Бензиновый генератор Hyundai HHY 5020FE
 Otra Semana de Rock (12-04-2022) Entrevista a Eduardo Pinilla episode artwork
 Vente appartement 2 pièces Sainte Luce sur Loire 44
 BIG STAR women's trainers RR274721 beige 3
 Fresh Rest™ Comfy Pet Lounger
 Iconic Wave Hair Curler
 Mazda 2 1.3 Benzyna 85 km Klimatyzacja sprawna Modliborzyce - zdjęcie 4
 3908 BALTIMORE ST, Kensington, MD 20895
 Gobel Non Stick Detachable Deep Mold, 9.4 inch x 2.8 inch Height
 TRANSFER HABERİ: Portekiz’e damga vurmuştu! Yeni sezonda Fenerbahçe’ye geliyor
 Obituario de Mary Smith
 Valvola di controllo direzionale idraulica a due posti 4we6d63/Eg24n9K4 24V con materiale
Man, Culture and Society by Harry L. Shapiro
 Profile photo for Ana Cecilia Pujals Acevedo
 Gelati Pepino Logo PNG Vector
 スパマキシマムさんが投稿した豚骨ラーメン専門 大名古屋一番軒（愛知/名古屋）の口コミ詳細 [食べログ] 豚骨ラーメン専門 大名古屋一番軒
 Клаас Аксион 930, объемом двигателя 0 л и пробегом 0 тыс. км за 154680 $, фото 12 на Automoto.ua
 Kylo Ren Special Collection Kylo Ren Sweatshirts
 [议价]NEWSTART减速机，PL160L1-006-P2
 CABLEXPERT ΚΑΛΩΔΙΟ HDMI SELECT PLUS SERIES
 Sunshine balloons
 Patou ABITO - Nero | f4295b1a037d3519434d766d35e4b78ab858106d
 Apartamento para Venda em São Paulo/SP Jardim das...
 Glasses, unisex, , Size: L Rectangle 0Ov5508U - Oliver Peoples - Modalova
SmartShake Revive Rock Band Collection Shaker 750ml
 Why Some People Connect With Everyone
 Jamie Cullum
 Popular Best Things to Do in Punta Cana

※ ※ ※

• [INSTRUCTIONS TO FOLLOW]
Reproduce, exactly and with both ends included, every line from the one that contains "Apartamento para Venda" to the end of the listing above.

• [WRITTEN SOLUTION]
 Apartamento para Venda em São Paulo/SP Jardim das...
 Glasses, unisex, , Size: L Rectangle 0Ov5508U - Oliver Peoples - Modalova
SmartShake Revive Rock Band Collection Shaker 750ml
 Why Some People Connect With Everyone
 Jamie Cullum
 Popular Best Things to Do in Punta Cana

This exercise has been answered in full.